I start with the first case. First off, observe that your whole setup is invariant under projective transformations. So without loss of generality you may assume that the original conic is the unit circle, and you may further assume that $P$ is at position $[1:0:1]$. Then you can use the tangent half-angle substitution and characterize all the other points as some $[t^2-1:2t:t^2+1]$, assumig that they are distinct from $P$.

Since I don't like using primes in computer algebra input, I'll switch notation: Your $A,B,C$ are my $A_1,B_1,C_1$, your $A',B',C'$ my $A_2,B_2,C_2$, your $A_1,B_1,C_1$ my $A_3,B_3,C_3$ and your $A_1',B_1',C_1'$ my $A_4,B_4,C_4$. So what I computed is this, using Sage:

PR1.<a1,b1,c1,a2,b2,c2> = QQ[]
P = vector([1, 0, 1])
A1 = vector([a1^2-1, 2*a1, a1^2+1])
B1 = A1(a1=b1)
C1 = A1(a1=c1)
A2 = A1(a1=a2)
B2 = A1(a1=b2)
C2 = A1(a1=c2)
def cp(a, b): return a.cross_product(b)
A3 = cp(cp(P, A1), cp(B2, C2))
B3 = cp(cp(P, B1), cp(C2, A2))
C3 = cp(cp(P, C1), cp(A2, B2))
A4 = cp(cp(P, A2), cp(B1, C1))
B4 = cp(cp(P, B2), cp(C1, A1))
C4 = cp(cp(P, C2), cp(A1, B1))
def det3(a, b, c): return matrix([a, b, c]).det()
P1, P2, P3, P4, P5, P6 = (A3, B3, C3, A4, B4, C4)
(det3(P1,P3,P5)*det3(P2,P4,P5)*det3(P1,P4,P6)*det3(P2,P3,P6) -
 det3(P1,P3,P6)*det3(P2,P4,P6)*det3(P1,P4,P5)*det3(P2,P3,P5))

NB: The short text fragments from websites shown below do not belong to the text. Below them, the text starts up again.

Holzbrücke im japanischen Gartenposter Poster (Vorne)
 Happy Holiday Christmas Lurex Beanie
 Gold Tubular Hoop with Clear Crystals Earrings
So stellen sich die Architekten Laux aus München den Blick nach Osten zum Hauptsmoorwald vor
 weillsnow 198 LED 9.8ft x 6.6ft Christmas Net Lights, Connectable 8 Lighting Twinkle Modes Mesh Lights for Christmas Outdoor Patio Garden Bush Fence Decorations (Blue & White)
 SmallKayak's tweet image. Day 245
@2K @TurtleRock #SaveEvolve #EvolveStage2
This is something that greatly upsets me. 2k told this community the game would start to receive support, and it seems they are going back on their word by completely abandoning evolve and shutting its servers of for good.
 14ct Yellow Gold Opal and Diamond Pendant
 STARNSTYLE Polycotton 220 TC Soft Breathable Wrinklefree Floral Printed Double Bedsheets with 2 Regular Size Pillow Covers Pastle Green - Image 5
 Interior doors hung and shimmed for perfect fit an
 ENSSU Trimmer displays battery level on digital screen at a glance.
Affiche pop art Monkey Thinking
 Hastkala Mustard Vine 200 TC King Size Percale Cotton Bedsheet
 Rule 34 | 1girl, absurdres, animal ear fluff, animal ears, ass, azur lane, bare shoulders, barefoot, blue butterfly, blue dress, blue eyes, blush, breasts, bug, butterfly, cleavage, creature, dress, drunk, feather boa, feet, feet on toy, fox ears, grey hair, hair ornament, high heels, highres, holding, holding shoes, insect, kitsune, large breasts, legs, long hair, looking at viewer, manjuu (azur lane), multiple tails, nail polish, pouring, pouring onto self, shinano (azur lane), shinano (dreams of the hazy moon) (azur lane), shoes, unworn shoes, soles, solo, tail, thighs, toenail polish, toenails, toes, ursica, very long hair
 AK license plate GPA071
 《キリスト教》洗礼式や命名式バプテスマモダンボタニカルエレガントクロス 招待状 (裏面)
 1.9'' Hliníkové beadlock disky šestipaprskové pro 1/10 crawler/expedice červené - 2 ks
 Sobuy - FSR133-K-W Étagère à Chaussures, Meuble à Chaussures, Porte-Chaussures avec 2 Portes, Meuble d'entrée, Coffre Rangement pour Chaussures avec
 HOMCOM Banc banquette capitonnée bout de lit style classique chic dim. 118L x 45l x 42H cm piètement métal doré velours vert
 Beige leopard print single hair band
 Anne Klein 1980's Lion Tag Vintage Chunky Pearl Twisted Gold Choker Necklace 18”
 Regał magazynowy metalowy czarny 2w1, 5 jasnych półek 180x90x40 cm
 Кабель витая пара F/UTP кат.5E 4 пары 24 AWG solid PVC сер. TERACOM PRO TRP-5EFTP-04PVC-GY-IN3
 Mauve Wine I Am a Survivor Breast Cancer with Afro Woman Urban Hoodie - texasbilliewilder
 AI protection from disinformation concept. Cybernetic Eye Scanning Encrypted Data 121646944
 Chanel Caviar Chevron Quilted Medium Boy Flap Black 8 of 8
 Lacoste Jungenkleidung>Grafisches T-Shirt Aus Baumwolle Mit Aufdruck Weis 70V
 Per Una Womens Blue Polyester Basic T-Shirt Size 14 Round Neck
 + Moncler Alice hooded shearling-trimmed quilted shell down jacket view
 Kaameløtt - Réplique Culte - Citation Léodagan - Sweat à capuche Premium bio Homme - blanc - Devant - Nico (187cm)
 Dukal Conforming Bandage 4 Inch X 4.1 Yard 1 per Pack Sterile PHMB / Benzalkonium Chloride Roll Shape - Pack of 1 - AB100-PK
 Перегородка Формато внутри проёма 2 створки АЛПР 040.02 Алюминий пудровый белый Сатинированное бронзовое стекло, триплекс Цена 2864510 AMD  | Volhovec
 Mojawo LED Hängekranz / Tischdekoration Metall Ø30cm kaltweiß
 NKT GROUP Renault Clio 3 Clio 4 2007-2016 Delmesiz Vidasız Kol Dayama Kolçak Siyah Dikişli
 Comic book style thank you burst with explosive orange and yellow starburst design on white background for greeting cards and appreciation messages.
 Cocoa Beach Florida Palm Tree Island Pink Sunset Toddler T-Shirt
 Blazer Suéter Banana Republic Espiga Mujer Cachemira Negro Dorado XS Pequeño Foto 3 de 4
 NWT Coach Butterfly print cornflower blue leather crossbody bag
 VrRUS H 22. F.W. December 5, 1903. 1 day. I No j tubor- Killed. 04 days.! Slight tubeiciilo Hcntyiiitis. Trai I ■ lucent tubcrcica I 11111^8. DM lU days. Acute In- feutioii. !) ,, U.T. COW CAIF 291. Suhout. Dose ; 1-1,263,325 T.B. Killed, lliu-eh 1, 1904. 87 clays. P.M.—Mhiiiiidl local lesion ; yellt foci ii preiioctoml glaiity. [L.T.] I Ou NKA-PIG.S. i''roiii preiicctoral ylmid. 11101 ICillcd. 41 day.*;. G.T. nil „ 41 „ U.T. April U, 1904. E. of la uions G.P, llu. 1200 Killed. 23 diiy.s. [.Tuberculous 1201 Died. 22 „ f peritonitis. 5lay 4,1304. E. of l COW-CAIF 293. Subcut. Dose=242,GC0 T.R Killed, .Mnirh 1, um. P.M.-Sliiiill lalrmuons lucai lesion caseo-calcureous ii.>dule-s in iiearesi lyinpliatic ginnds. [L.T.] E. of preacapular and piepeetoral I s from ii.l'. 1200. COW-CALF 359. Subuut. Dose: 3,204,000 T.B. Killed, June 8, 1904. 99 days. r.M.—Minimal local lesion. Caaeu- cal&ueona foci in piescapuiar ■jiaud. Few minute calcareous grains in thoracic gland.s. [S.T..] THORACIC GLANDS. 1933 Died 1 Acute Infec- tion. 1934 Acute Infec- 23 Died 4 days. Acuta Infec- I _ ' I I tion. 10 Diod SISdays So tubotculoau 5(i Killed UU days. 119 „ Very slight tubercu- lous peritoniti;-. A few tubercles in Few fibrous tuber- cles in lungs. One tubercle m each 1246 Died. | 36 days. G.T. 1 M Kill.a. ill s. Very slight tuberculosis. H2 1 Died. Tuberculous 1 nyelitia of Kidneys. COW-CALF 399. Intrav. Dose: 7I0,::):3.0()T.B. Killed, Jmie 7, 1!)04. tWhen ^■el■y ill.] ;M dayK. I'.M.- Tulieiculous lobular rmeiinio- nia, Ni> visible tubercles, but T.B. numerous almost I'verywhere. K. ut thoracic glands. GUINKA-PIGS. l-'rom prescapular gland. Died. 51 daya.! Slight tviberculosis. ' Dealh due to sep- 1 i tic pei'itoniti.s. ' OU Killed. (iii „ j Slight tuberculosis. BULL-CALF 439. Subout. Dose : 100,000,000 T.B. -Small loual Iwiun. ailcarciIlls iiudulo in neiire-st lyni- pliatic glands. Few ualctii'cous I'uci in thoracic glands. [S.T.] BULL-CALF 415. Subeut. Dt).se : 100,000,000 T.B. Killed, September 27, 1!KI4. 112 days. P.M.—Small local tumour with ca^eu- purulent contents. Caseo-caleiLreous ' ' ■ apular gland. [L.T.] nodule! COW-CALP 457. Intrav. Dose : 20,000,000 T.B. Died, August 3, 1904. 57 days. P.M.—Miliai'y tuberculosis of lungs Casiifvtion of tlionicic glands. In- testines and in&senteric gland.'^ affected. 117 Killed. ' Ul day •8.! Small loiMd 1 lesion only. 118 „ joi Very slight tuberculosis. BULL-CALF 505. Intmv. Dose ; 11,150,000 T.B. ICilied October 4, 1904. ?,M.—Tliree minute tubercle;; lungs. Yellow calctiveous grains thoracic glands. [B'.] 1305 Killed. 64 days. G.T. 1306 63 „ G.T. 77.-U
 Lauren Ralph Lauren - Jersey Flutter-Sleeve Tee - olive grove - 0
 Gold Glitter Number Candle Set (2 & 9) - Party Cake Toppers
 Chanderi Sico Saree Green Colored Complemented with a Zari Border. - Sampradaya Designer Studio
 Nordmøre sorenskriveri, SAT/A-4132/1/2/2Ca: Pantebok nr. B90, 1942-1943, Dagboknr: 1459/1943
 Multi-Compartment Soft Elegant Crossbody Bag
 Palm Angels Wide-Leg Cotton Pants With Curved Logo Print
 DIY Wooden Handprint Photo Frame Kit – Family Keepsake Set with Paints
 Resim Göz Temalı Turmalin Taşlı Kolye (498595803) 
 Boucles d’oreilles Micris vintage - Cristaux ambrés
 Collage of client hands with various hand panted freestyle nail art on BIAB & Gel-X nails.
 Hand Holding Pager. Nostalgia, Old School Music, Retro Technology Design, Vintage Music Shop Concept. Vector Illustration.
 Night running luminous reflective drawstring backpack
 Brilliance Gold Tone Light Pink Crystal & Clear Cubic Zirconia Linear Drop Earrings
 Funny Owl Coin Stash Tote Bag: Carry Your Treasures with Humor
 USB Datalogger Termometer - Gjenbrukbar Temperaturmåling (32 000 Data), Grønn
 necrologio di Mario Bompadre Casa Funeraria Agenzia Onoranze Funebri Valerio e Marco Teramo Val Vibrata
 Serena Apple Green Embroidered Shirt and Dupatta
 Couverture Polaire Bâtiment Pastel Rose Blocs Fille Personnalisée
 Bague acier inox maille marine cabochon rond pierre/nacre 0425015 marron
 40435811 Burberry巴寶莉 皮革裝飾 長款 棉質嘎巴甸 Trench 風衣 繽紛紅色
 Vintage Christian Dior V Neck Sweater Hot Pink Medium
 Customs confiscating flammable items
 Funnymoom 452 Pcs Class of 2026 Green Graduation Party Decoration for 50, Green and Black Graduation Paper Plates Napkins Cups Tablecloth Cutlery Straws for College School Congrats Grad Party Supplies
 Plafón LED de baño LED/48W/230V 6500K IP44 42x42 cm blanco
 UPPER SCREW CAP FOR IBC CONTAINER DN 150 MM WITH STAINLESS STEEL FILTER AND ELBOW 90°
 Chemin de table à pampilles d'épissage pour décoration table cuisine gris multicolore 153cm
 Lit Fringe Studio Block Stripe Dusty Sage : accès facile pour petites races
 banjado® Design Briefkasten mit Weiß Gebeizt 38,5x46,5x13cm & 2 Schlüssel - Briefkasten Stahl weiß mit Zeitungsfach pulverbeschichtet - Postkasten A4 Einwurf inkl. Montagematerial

I'm working in a polynomial ring over $\mathbb Q$ with six indeterminates. Each of those takes the role of $t$ above to define one point on the unit circle. I then define a shorthand notation cp to compute the cross product. The inner cross products express join operations, the outer a meet. Then I rename my points and write down the condition for six points to lie on a conic, expressed as a polynomial in $3\times3$ determinants. (For details on this characterization, I suggest reading Perspectives on Projective Geometry by Richter-Gebert.) The result is 0, indicating that the points are indeed on a common conic. Unless some of the points are not defined due to degenerate input, of course.

For the second setup, the computation is almost the same, except for a change of indices (corresponding to your primes) in this part:

A3 = cp(cp(P, A1), cp(B1, C1))
B3 = cp(cp(P, B1), cp(C1, A1))
C3 = cp(cp(P, C1), cp(A1, B1))
A4 = cp(cp(P, A2), cp(B2, C2))
B4 = cp(cp(P, B2), cp(C2, A2))
C4 = cp(cp(P, C2), cp(A2, B2))

The result is still zero.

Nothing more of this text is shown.